# MATERIAL FOR THE TASK

-- Opening Marker --

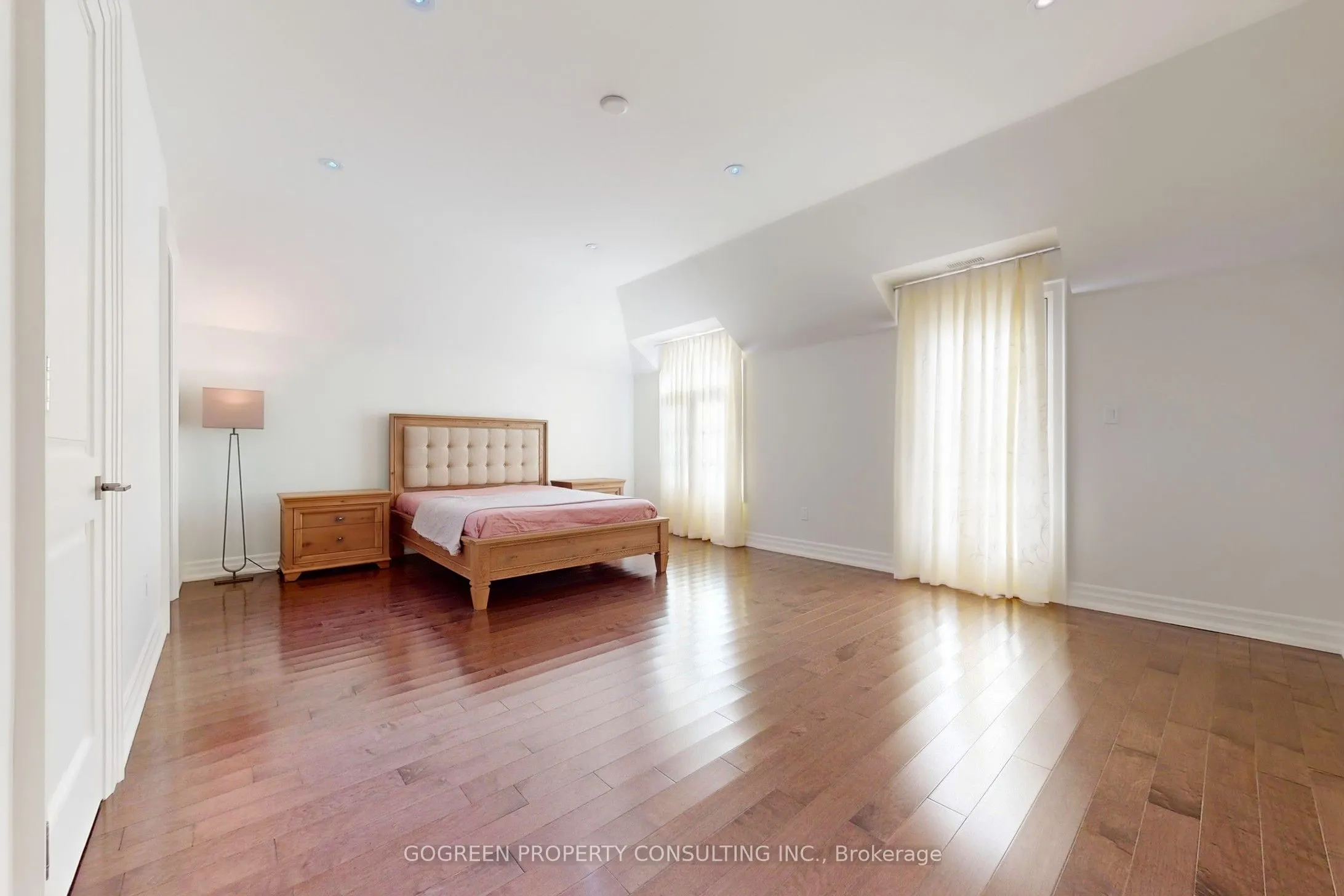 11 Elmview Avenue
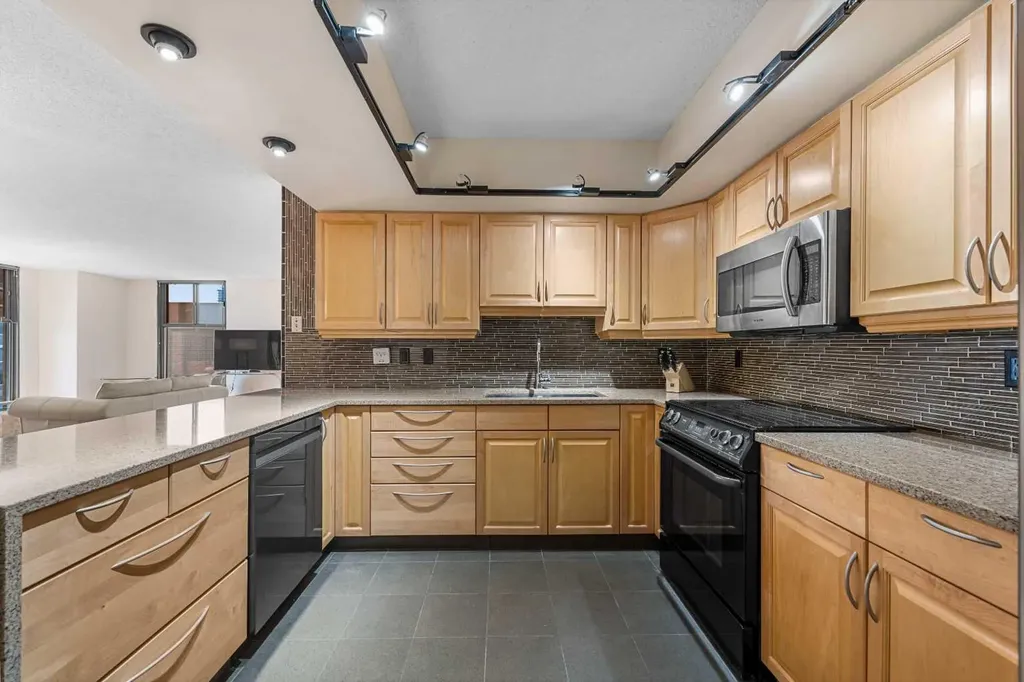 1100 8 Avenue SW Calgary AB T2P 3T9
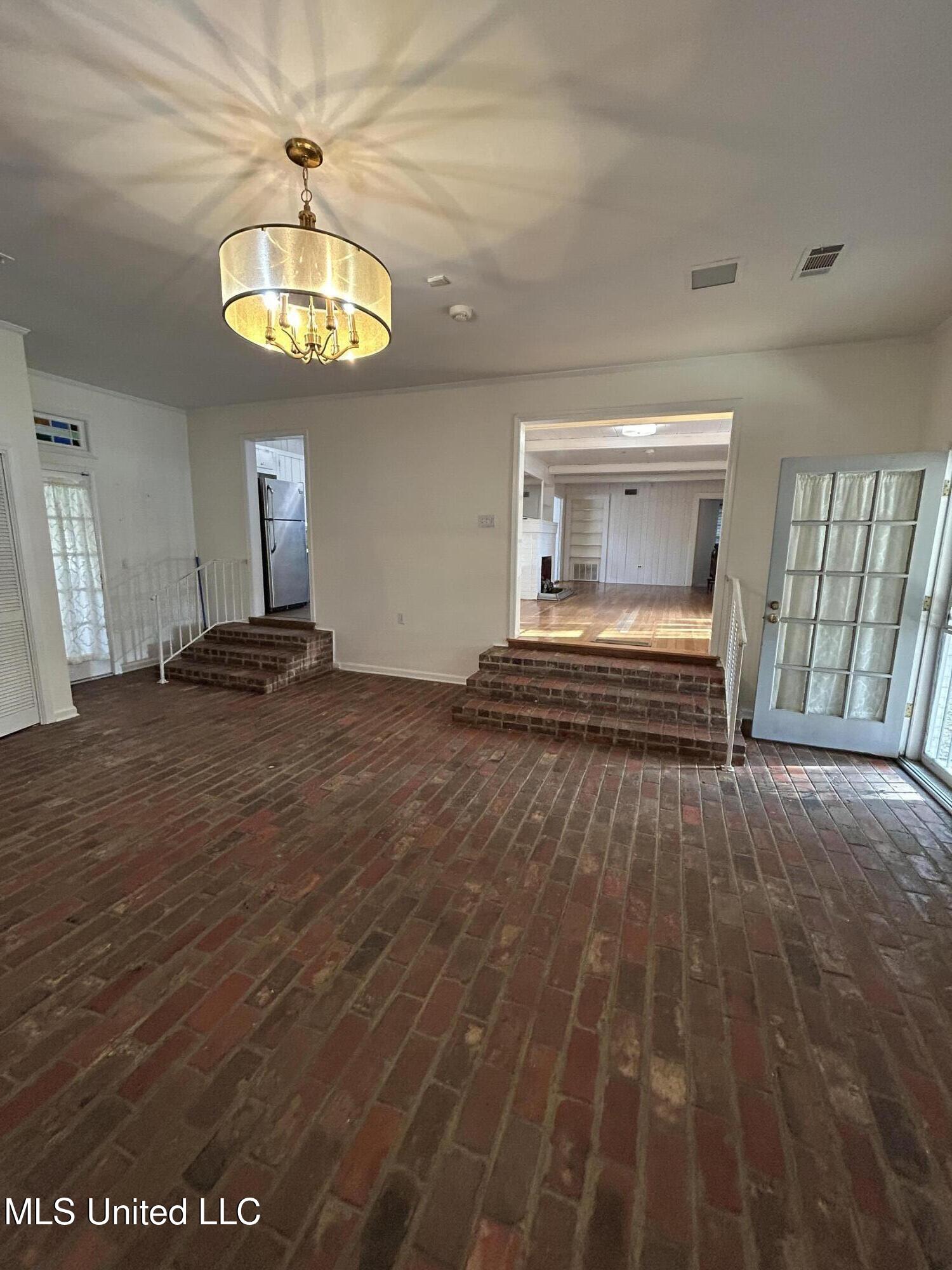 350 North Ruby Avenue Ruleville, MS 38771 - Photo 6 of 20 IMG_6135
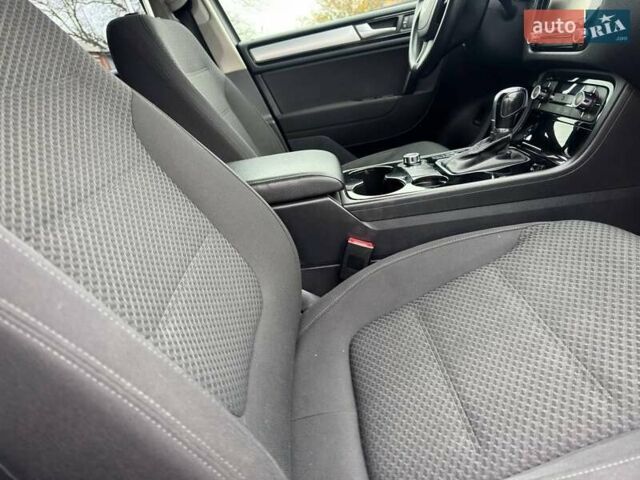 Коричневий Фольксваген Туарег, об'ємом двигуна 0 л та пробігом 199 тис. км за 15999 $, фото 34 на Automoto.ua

-- Closing Marker --
-- Opening Marker --

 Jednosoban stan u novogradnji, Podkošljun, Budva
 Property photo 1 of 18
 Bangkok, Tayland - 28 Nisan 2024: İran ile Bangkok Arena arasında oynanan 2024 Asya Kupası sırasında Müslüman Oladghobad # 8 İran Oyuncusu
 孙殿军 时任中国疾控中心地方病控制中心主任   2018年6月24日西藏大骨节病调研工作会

-- Closing Marker --

# HOW TO COMPLETE THIS TASK
Your answer should be the lines above, word for word, from the line with "11 Elmview Avenue" through the line with "Коричневий Фольксваген Туарег, об'ємом", minus the pictures.

# SOLUTION TO THE PROBLEM
 11 Elmview Avenue
 1100 8 Avenue SW Calgary AB T2P 3T9
 350 North Ruby Avenue Ruleville, MS 38771 - Photo 6 of 20 IMG_6135
 Коричневий Фольксваген Туарег, об'ємом двигуна 0 л та пробігом 199 тис. км за 15999 $, фото 34 на Automoto.ua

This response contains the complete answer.